Avoiding the idolatrous abomination

One of the most significant sessions that had a bearing on future ministry was when Marcus described boring Bible studies and talks as 'idolatrous abominations' (you can hear the story re-told from his perspective here).

It was at that moment that I realised for the first time that a sound Bible study or talk that did not lead to worship is not treating Scripture in the way intended when it was given to us. The Bible was given so that we might joyfully submit our lives to Jesus in everything. Bible ministry that stops at understanding makes an idol of reason and knowledge.

That session, several years ago, profoundly changed my ministry. I say all this because I was reminded of it in listening to Tim Keller's recent sessions on Bible 'application' (not a term he likes, and I dislike too) and 'preaching to the heart' given at Oak Hill College (thanks Dave). Tim Keller uses a different vocabulary and slightly different approach to that which Marcus took, but the heartbeat was the same. The first session, particularly, is a 'must listen' for any who expound Scripture.

They're available here:

MP3: Tim Keller at Oak Hill College (1) November 2008
MP3: Tim Keller at Oak Hill College (2) November 2008

2 comments:

Marcus Honeysett said...

Glad that comment blessed you, Pete. It's followed me around for years since! The lesson - choose your words with care, you may have to live with them!
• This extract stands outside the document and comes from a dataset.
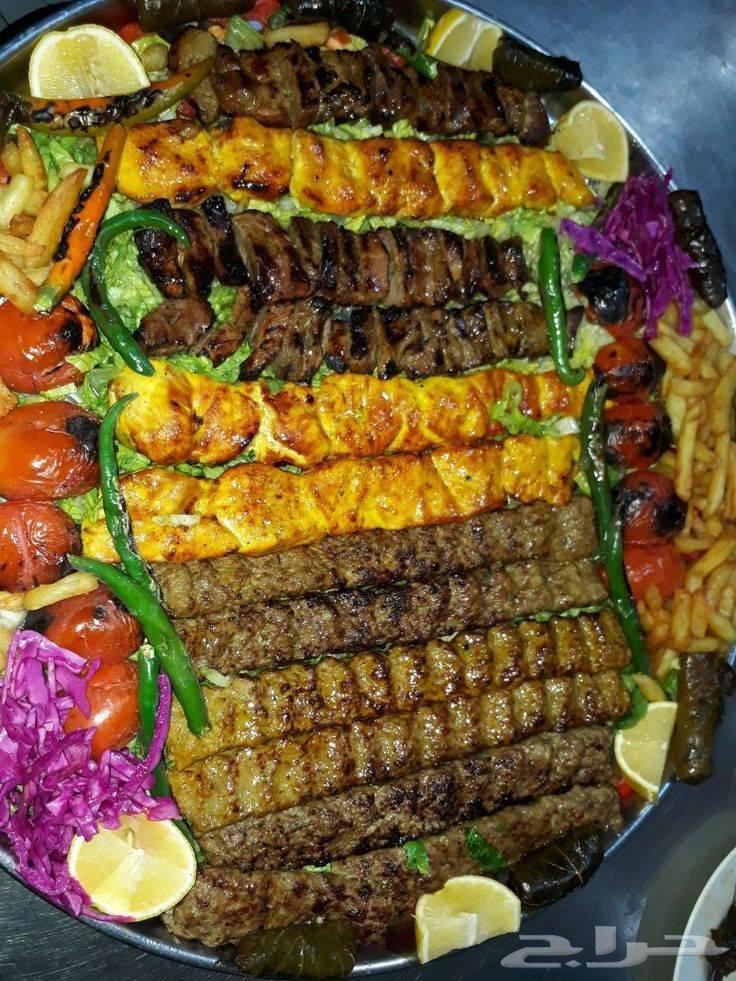 صواني المشويات مع سلطاتها64444727645953111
The classic error we have to avoid is confusing seeking God through His word, with finding him and knowing him. When we do that we too easily assume the task of knowing the Word well and grasping meaning epistemologically IS knowing God. It isn't.

It leads to the terrible danger that Edwards saw so clearly, of assuming there is no discernable difference between the work of the Spirit and the operation of my mental faculties for understanding. Which will lead to sermons that are merely exegesis and the idea that the GOAL of preaching is to understand the word.

Understanding the word is a vital step on the journey, but it's never the goal.

Keep on provoking people to godly dissatisfaction with boring Bible studies, as you were obviously provoked those years ago.

Blessings

Marcus

peterdray said...

Thanks, Marcus - both for that original session and for your comments now.

I have found it so helpful to reflect on the way in which the Spirit uses the written word to bring us to the Living Word, Jesus. And there is no way that we can see Jesus as he really is and be satisfied with mental assent alone.

I remember you speaking of worshipping over the text and leading others to worshipping over the text, which is surely a better approach.